Problem requirements = Wherever the records include pictures, skip them and transcribe all the rest word for word.
....
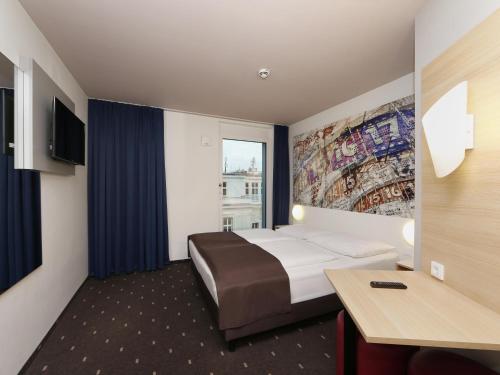 Postel nebo postele na pokoji v ubytování B&B HOTEL Berlin-Alexanderplatz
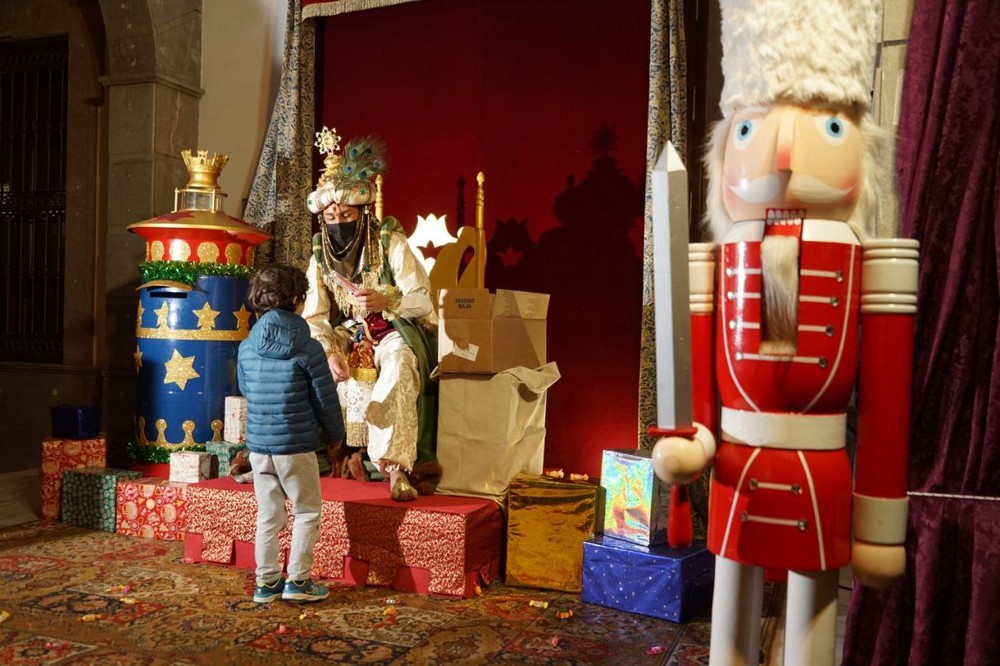 El Paje Real recoge en Adra las cartas que los más pequeños han escrito a los SS.MM. los Reyes Magos de Oriente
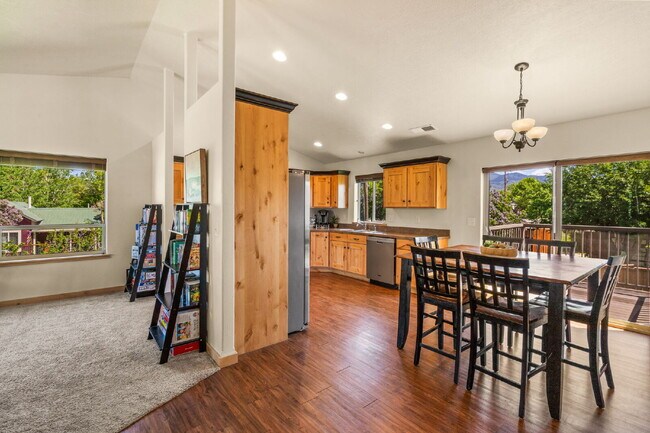 Building Photo - Spacious 3-Bed, 2-Bath Upper-Level Duplex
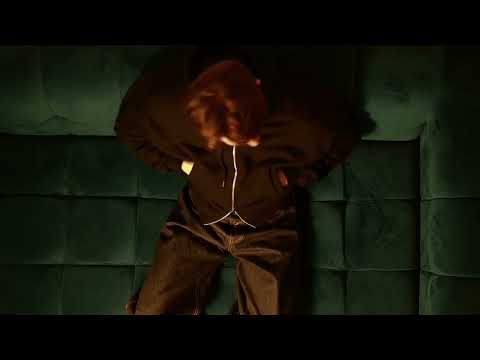 Видео: 14 oz. Denim & Crop Zip Hoodie нашей осенней коллекции 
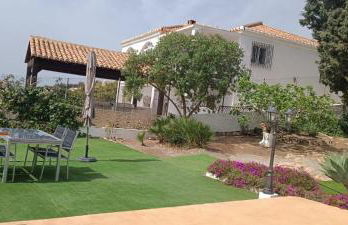 La Torrecica, con carácter andaluz y magníficas vistas al mar y Sierra Nevada - Photo 42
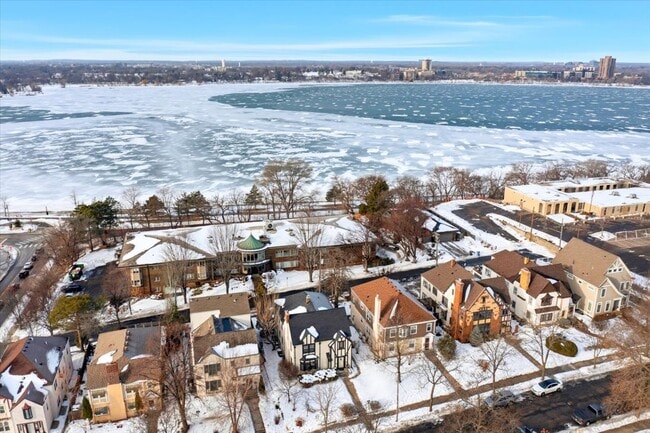 Building Photo - 3540 Irving Ave S Unit #2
....
Response to the exercise =
 Postel nebo postele na pokoji v ubytování B&B HOTEL Berlin-Alexanderplatz
 El Paje Real recoge en Adra las cartas que los más pequeños han escrito a los SS.MM. los Reyes Magos de Oriente
 Building Photo - Spacious 3-Bed, 2-Bath Upper-Level Duplex
 Видео: 14 oz. Denim & Crop Zip Hoodie нашей осенней коллекции 
 La Torrecica, con carácter andaluz y magníficas vistas al mar y Sierra Nevada - Photo 42
 Building Photo - 3540 Irving Ave S Unit #2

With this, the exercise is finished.